2012-02-10 20:40:00 · 1 komentarz
Zapewne wielu z Was zdarzyło się widzieć pralkę która "spaceruje" po pomieszczeniu podczas wirowania. Co niektórzy pewnie sami mają takie cudeńka w domu. Oczywiście w większości przypadków winnym jest złe wypoziomowanie, bo większość użytkowników stawia pralkę i już. Drugim winnym są blokady bębna. Lecz pewien klient pobił wszelakie rekordy. Dzwoni do sklepu z zażaleniem i opisuje w/w problem. Standardowo pytamy czy pralka wypoziomowana, czy blokady zdjęte, czy wszystko według instrukcji użytkowania. Odpowiedź klienta była zaskakująca. "Tak, ze szwagrem wypoziomowaliśmy, zdjęliśmy te blokady i cały ten betonowy syf w środku." Mina kolegi z działu serwisu była porównywalna z "szoko kotem". Gdy po chwili niezręcznej ciszy wytłumaczył klientowi że ten "betonowy syf" jest niezbędny do działania pralki, klient rozłączył się i jak do tej pory nie dał znaku życia. Polscy specjaliści - bezcenne.

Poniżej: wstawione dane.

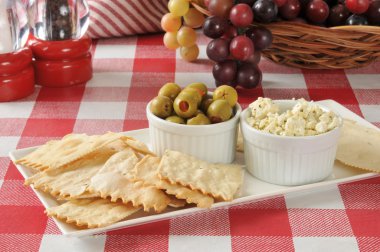 zeytin ve beyaz peynir ile gözleme kraker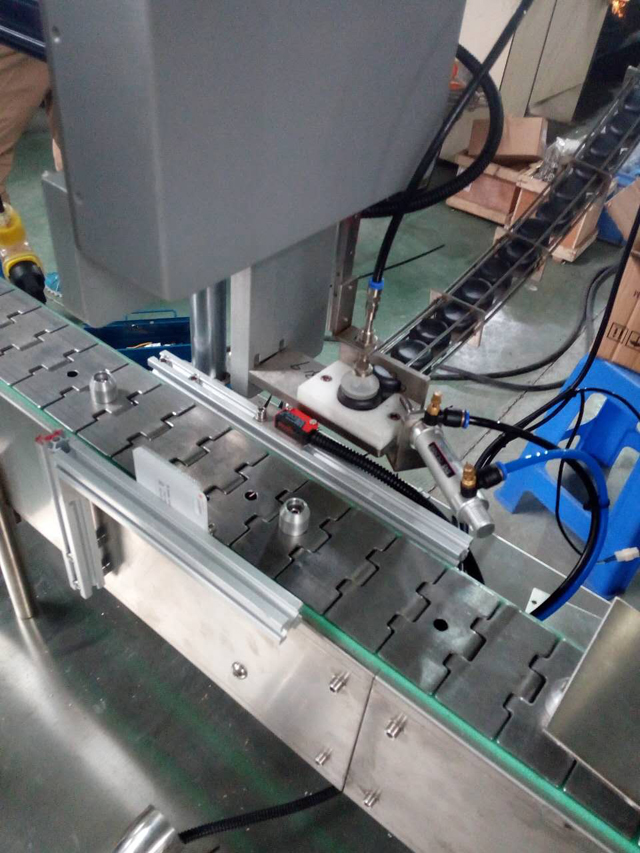 gambar suapan robot topi.jpg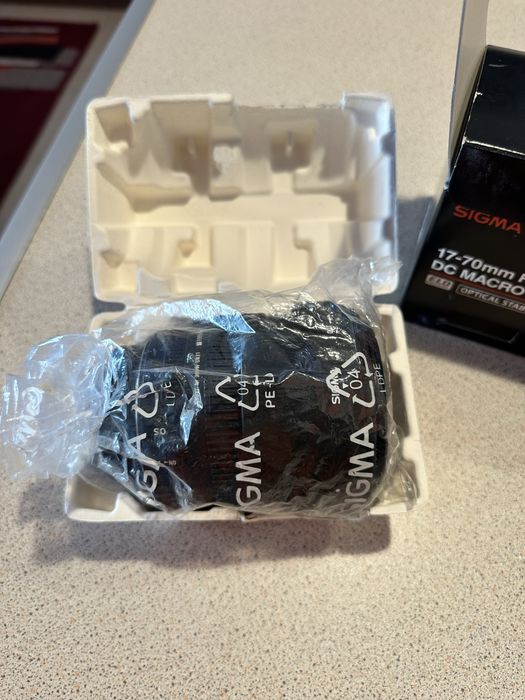 Обектив Sigma 17-70 f2.8-4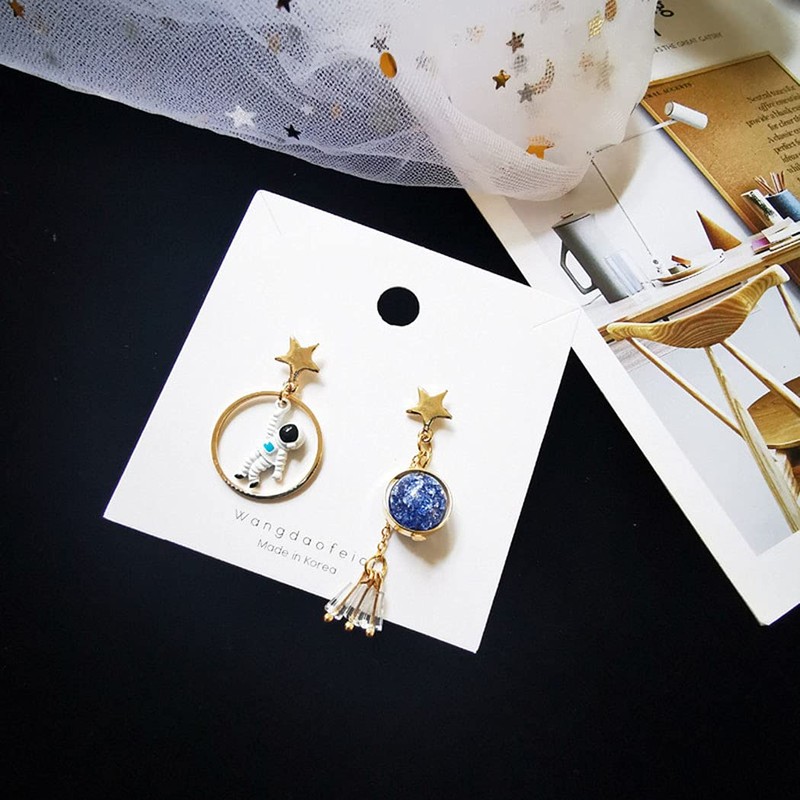 Creative Cartoon Astronaut Stud Earrings Asymmetric Spaceman Star Moon Drop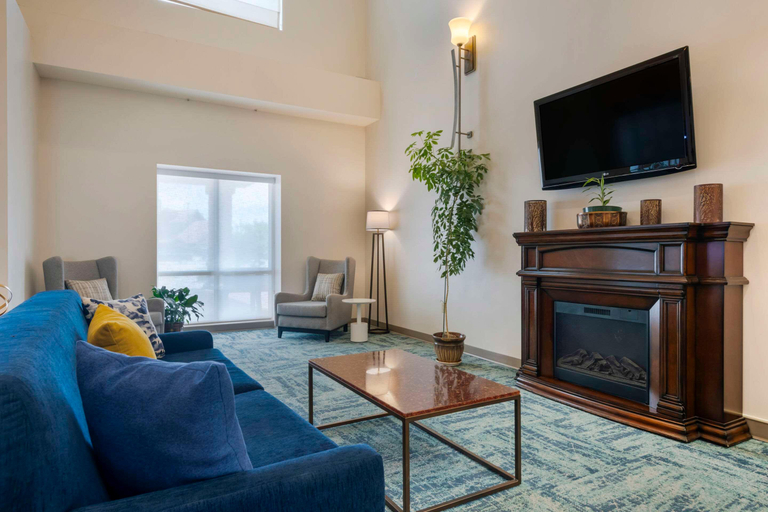 Public Area 2, Comfort Suites Hotel & Convention Center in Rapid, Pennington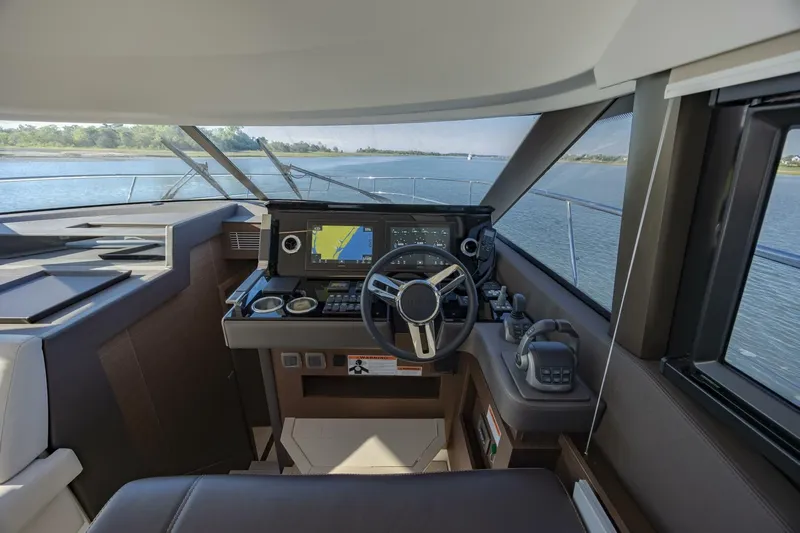  Yacht Photos Pics 2024 Prestige 460 - Image 34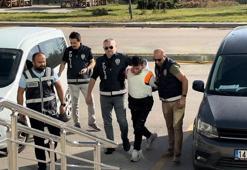 Markette kasiyere bıçakla tehdit; o anlar kamerada, şüpheli tutuklandı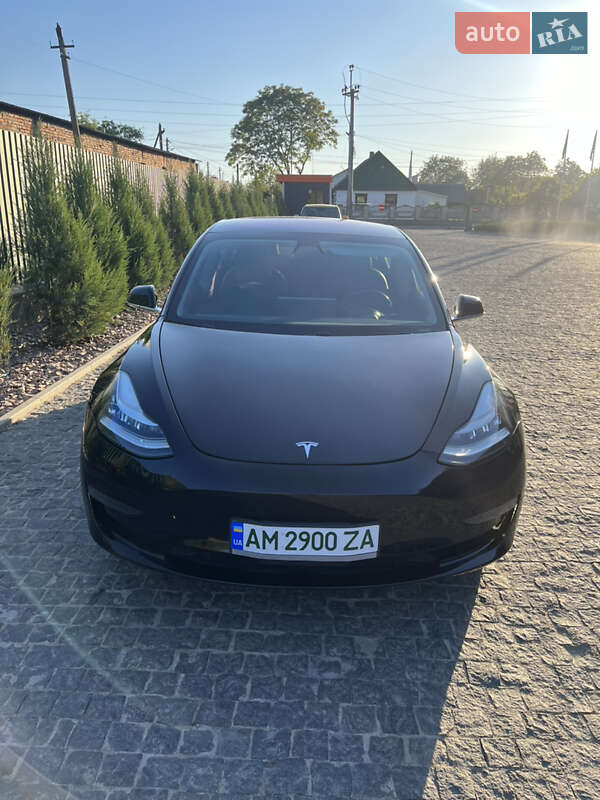 Седан Tesla Model 3 2018 в Коростышеве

Odkurzacz do prania czyli pranie na dywanie

2012-02-10 20:39:00 · Skomentuj
Ta sytuacja nie przydarzyła się mnie. Przedstawił mi ją jeden z promotorów odwiedzających sklep. Do sklepu którego nazwy ani lokalizacji nie poznałem, przybyła klientka z zamiarem zakupienia odkurzacza piorącego*. Zamysł bajeczny dla pani domu. Wszystko byłoby ok gdyby klientka powiedziała do czego chce użyć tego sprzętu. Po 2-3 dniach klientka wraca z pretensjami. Sprzedawcy wzięli się do roboty, podłączyli sprzęt itp. Odkurzacz działał. Lecz ich mina była bezcenna kiedy usłyszeli słowa "Ale czemu nie wyprał koszuli?!". Ludzie, na miłość boską... od takich rzeczy jest pralka. Czytajcie instrukcje, to nie boli. Wróć... boli. Brzuch sprzedawców gdy słyszą coś takiego i muszą tłumić wybuch śmiechu. _____________________________ *odkurzacz który oprócz odkurzania potrafi uprać dywan czy wykładzinę ( ;P )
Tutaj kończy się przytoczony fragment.